Camoin also focuses on the first century, Marie Magdalene, so if it is not related to Camoin they seem to share many views. They also use a similar disposition of the trumps as seen here :
http://www.tarocchi.net/fr/Modle_Esotrique_57 (which is quite obvious since there are not many ways to display 22 cards in a readable fashion).
http://lacroixceltique.blogspot.fr/2012/01/les-origines-du-tarot-de-marseille-par.html also confirms that Camoin's theories spot the same mystical origin.
It shall be noted that in an interview dating from about 5 years, Jodorowsky (who knows the man quite closely) speaking about Camoin's Magadelenic theories wrote "these are Camoin's extravagancies".
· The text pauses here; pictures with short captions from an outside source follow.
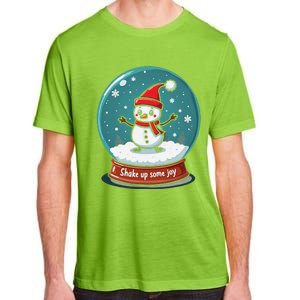 Kawaii Snow Globe Shake Up Some Joy Christmas Adult ChromaSoft Performance T-Shirt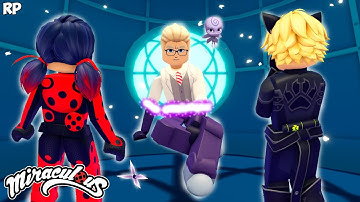 LADYBUG AND CAT NOIR REVEAL SECRET IDENTITY HAWK MOTH NO MIRACULOUS RP - MIRACULOUS ROBLOX!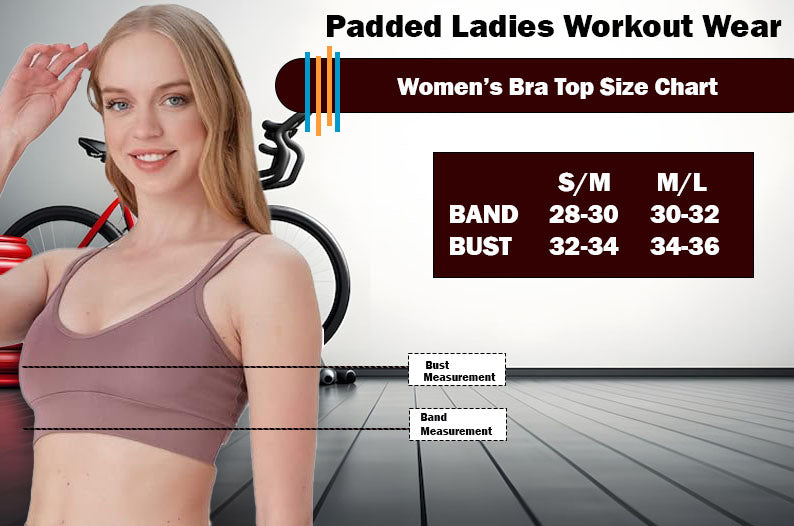 Juniors' and Women's Lightly Padded Sports Bra, Double Strap Plunge Yoga Top - Wear Sierra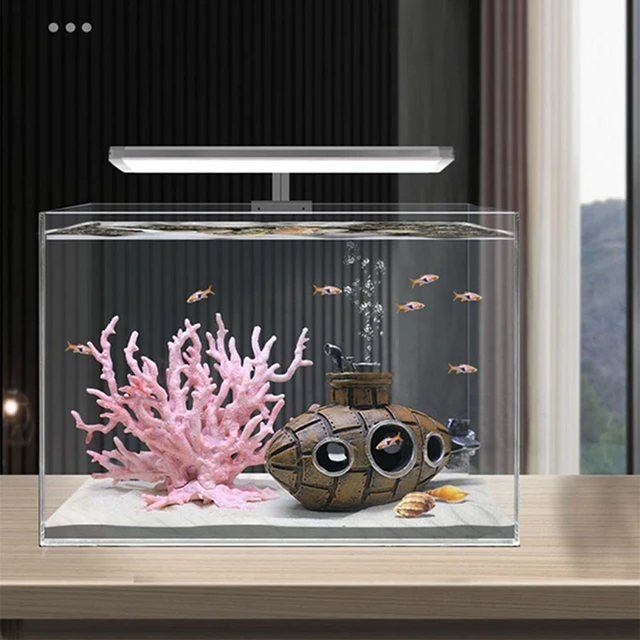 Fish Tank Decoration, Aquarium Retro Submarine Decor, Cave Landscaping  Ornament Accessories for Shrimp Shelter Goldfish Tanks - AliExpress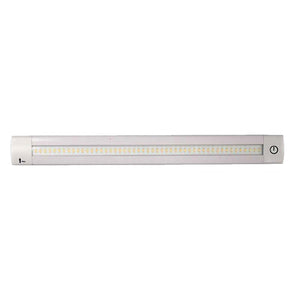 Lunasea Adjustable Linear LED Light w/Built-In Dimmer - 12" Length, 12VDC, Warm White w/ Switch - Fishing Monsters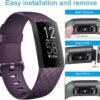 71Fs7KJtGGL._AC_SL1500_.jpg Náhradný silikónový športový remienok Vancle pre náramok Fitbit Charge 4, dámsky, pánsky, remienok k hodinkám pre náramok Fitbit Charge 3/Fitbit Charge 4 SE/Fitbit Charge 3 SE (L, tmavý)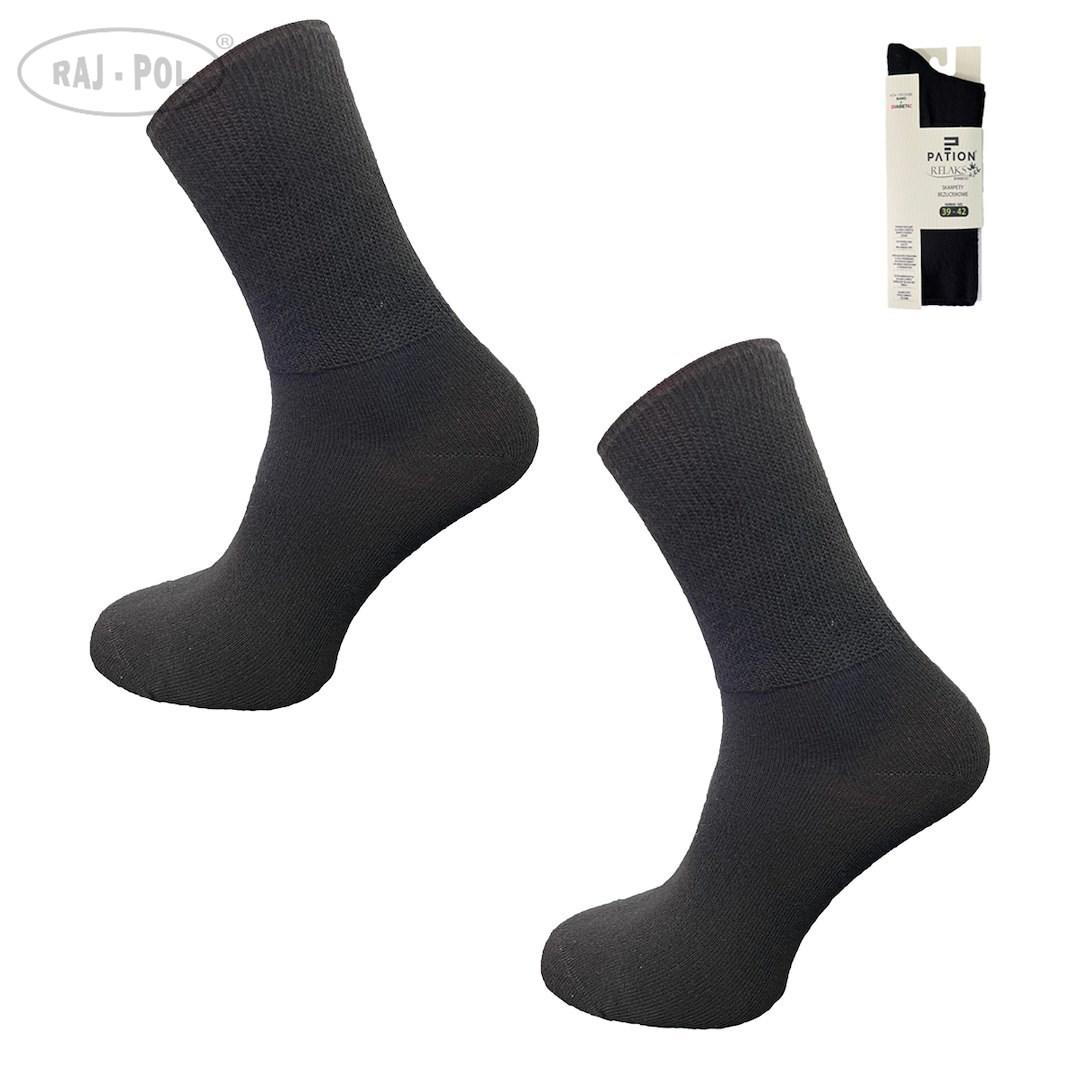 Skarpety bezuciskowe bawełniane relax czarne 799282, 799299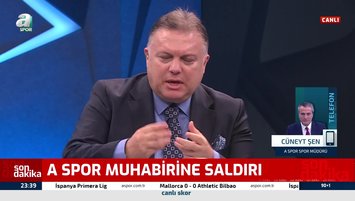 A Spor Muhabiri Emre Kaplan'a çirkin saldırı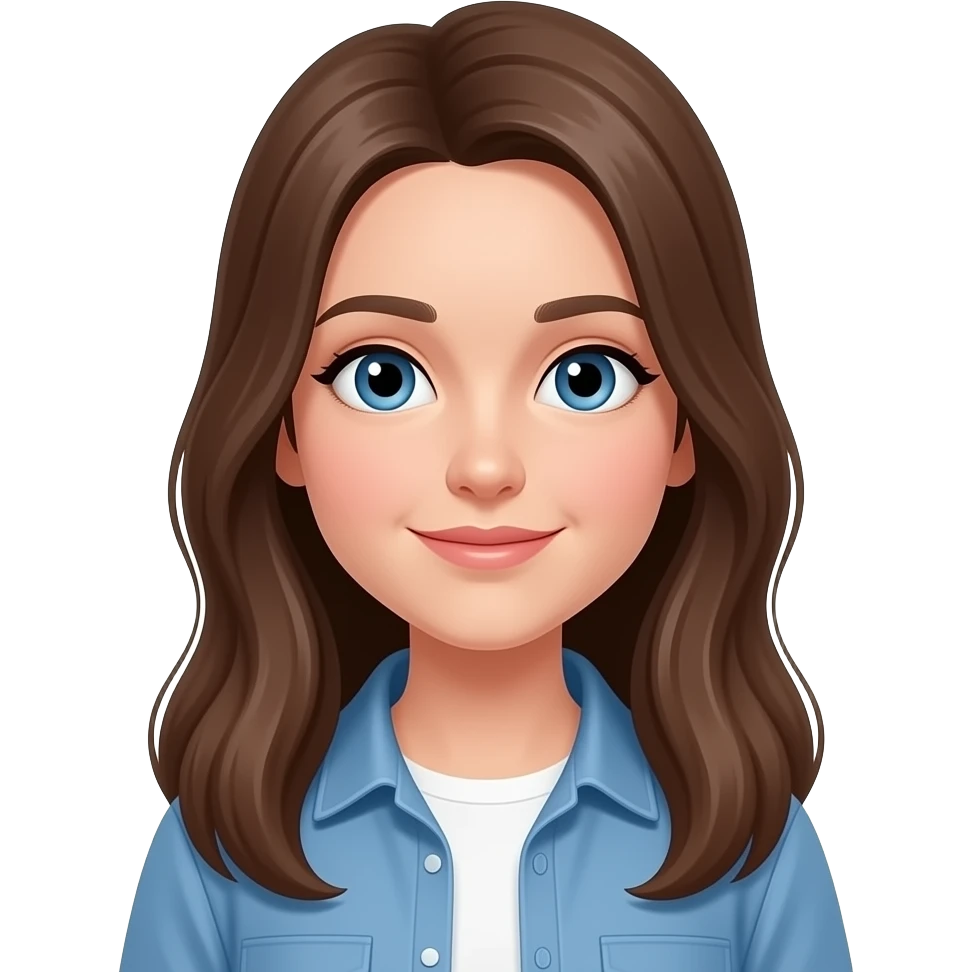 Beautiful 18 years old girl emoji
http://chroniquesdasteline.blogspot.be/2014/03/entretien-avec-alejandro-jodorowsky.html
(not that I am a Jodorowsky fan neither).
Those people don't seem to consider the tarot as a playing card game - which is also a problem since there are no trace of tarot before the first known references to playing cards.
When someone starts by saying "tarot - before being a playing card game" then that someone can say whatever he wants about whatever he feels necessary.
This is apparently related to the "saint maximin" connection, where the alleged Marie Madgalene's relics are supposed to be kept, which is also a well known and strong magnet for lunatics. According to that kind of theories the link to tarot resides in the fact that it has 22 trumps which would correspond to Saint John's apocalypse 22 chapters - what about the remaining 56 cards, the story don't tell...
Why Jean Cassien ? Well when you want to force things together, you need someone from around Marseille (with a litte link to Egypt for the mystery) in the early times of the Christiandom, Cassien is logically a handy nearby suspect. That's what happen when an imaginary reconstruction tries to compensate a total lack of historical study.
Obviously to accept such theories you must pretend to forget that tarot appeared in Marseille much later than it did in Italy and other regions of France (including Lyon and Paris). Oh wait that's precisely because "tarot" is not "tarot" but a secret teaching, that was kept so secret that it seemingly appeared first in Italy, but in reality it came from Marseille. And by a wonderful chance, the name "tarot de Marseille" was used in the late XIXth century while it was never used before, probably because some great secret initiates (Papus and Romain Merlin) decided that it deserved to be linked to its real secret history. This makes perfect sense.